**Exercise details**
Every line below must be reproduced exactly; no pictures are to be included.

**Dataset extract**
————————
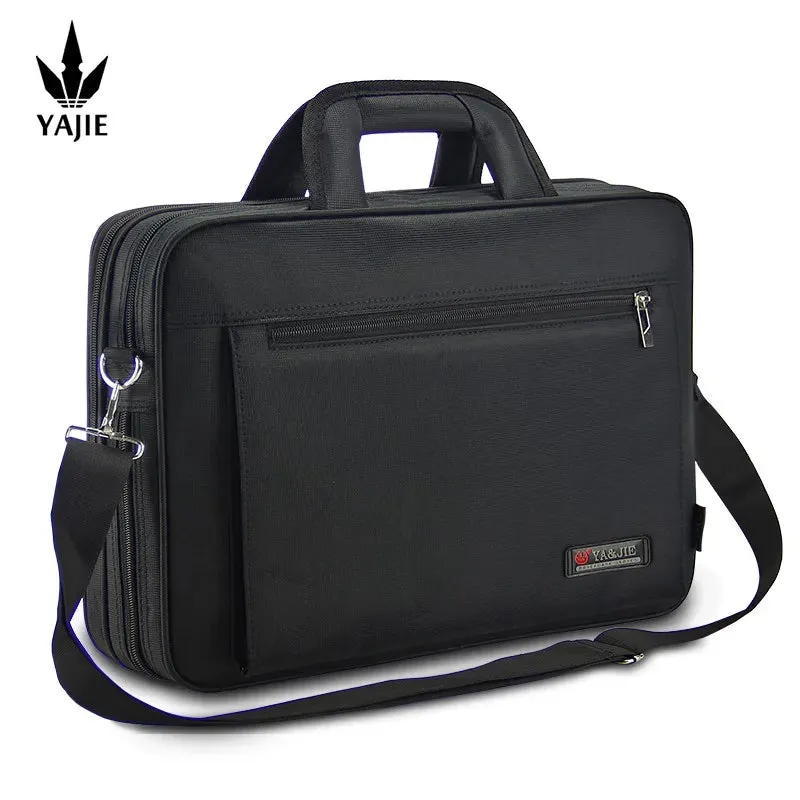 Laptop Yajie Canvas Shoulder Strap Briefcase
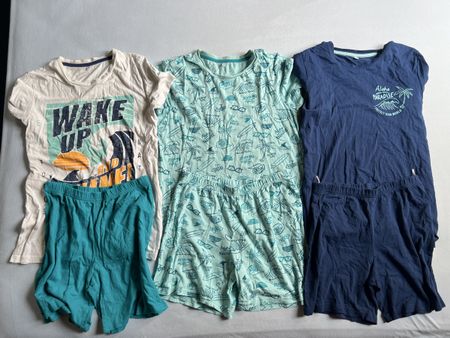 3 kurzärmelige Pyjama Gr 164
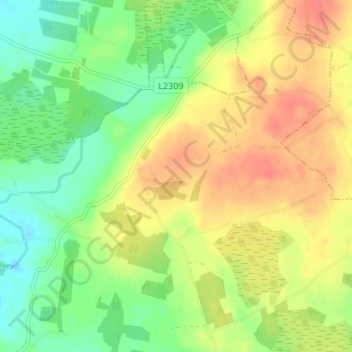 Carte topographique Cappalusk, altitude, relief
————————
**Solved exercise**
 Laptop Yajie Canvas Shoulder Strap Briefcase
 3 kurzärmelige Pyjama Gr 164
 Carte topographique Cappalusk, altitude, relief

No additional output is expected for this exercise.